Here is the task for the listing below: output exactly the lines from the one containing "Veterans Day USA" through the one containing "Angeln Spruch –", and leave out the pictures.

= = =

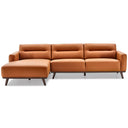 Front view of the Erika 109-inch left-facing sectional sofa upholstered in cognac brown PU leather with dark wood tapered legs on a white background.
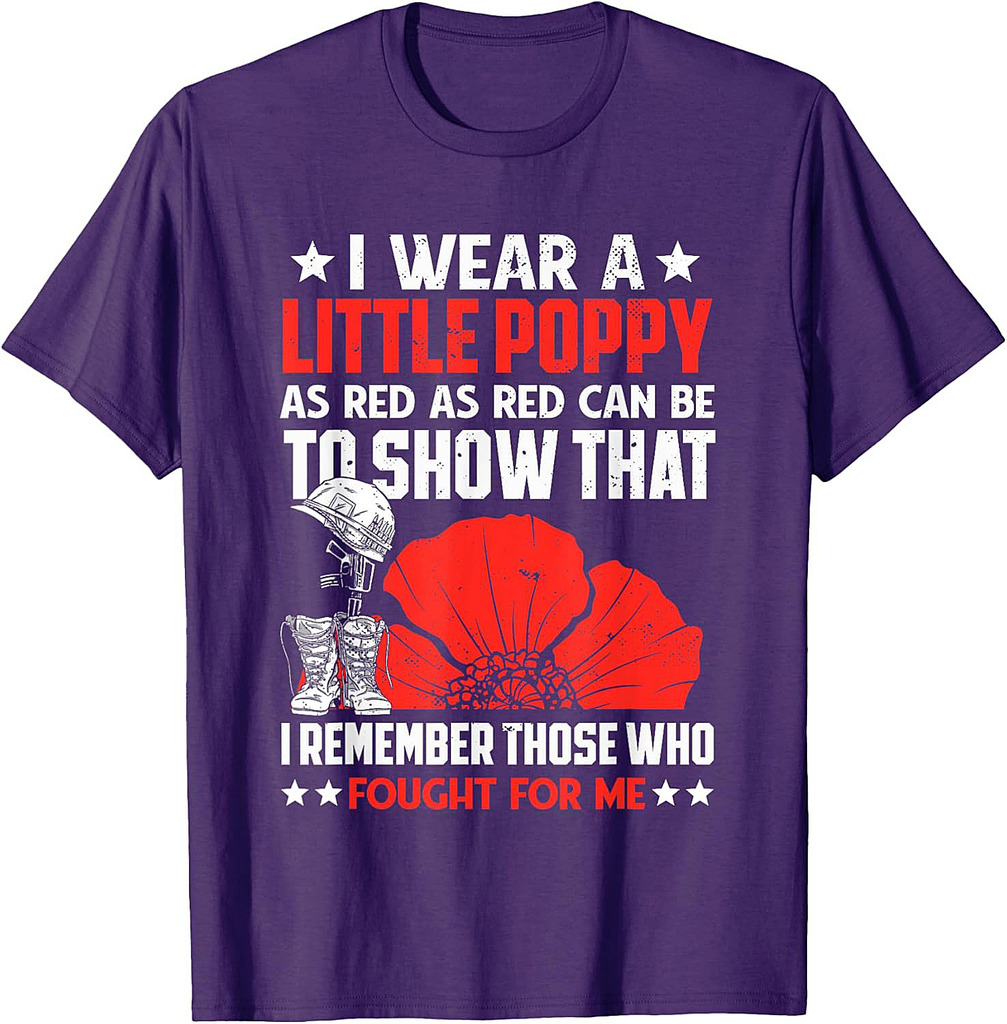 Veterans Day USA Memorial Lest We Forget Red Poppy Flower T-Shirt
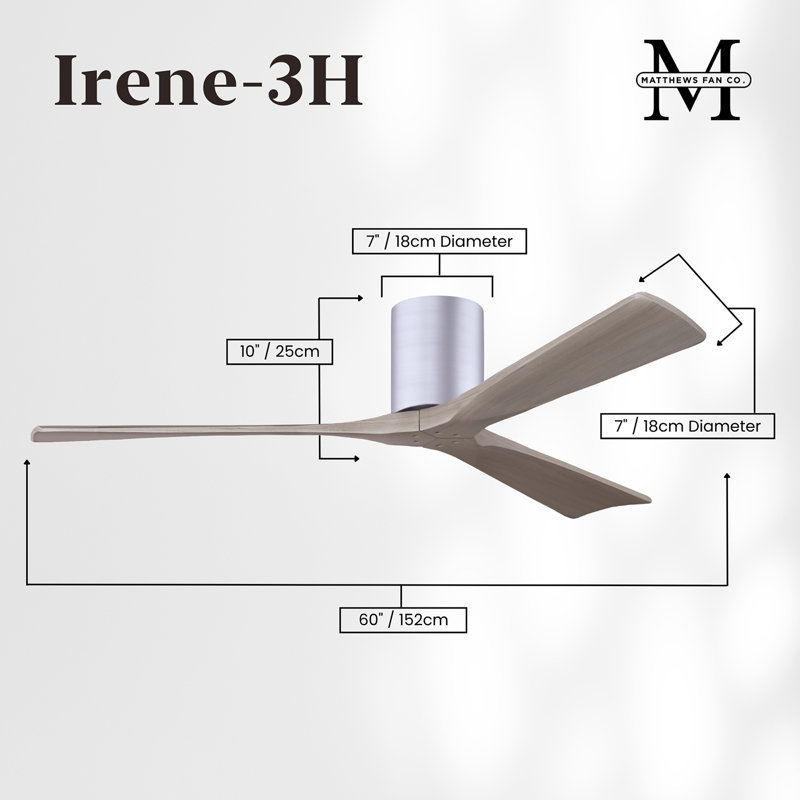 Irene Ceiling Fan, Brushed Nickel, Gray Ash Tone, 60"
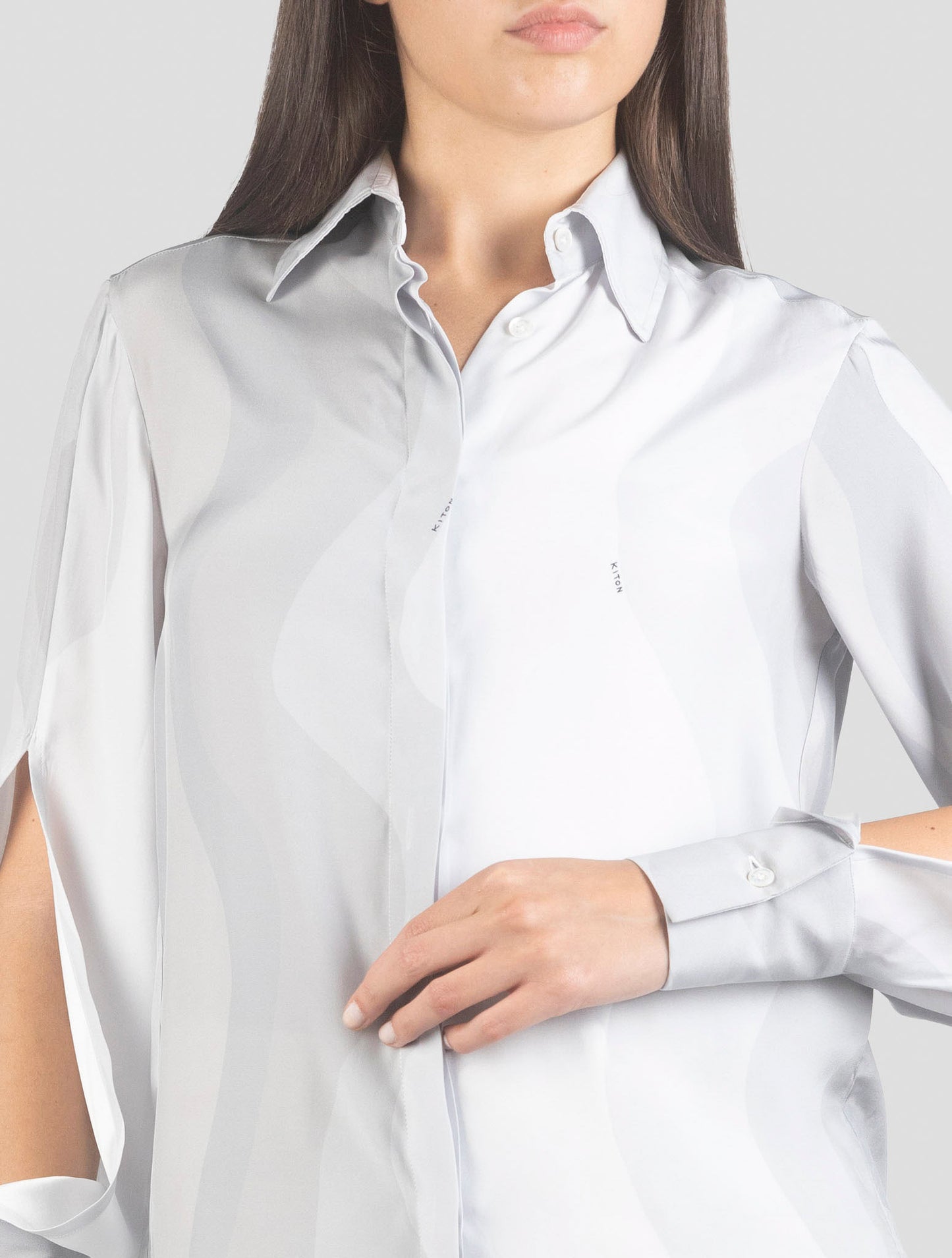 Kiton Gray Silk Shirt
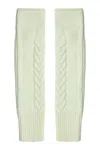 PERALUNA WOMEN'S WHITE LONG FINGERLESS CABLE KNIT ARM WARMER THUMB HOLE STRETCHY CASHMERE BLEND GLOVES - ECRU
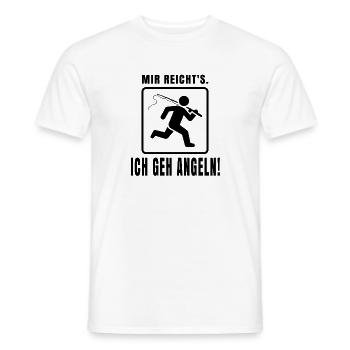 Angeln Spruch – Mir reicht's, ich geh angeln - Männer T-Shirt - Weiß - Vorne - AI Model Male 178 dark (178cm)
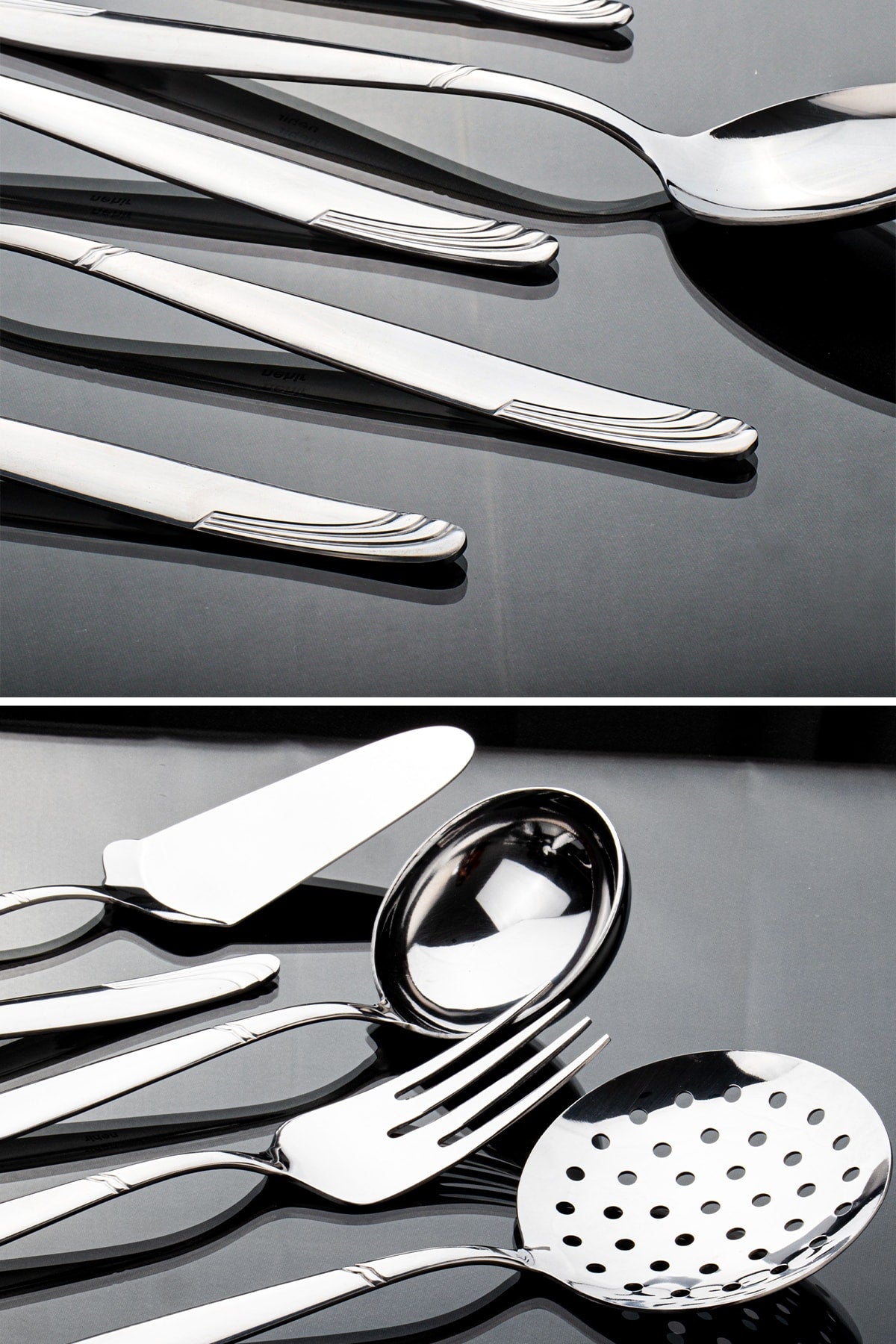 Nehir lizbon Plain 6 Piece Serving Utensil Set - MALLTURK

= = =

EXERCISE ANSWER:
 Veterans Day USA Memorial Lest We Forget Red Poppy Flower T-Shirt
 Irene Ceiling Fan, Brushed Nickel, Gray Ash Tone, 60"
 Kiton Gray Silk Shirt
 PERALUNA WOMEN'S WHITE LONG FINGERLESS CABLE KNIT ARM WARMER THUMB HOLE STRETCHY CASHMERE BLEND GLOVES - ECRU
 Angeln Spruch – Mir reicht's, ich geh angeln - Männer T-Shirt - Weiß - Vorne - AI Model Male 178 dark (178cm)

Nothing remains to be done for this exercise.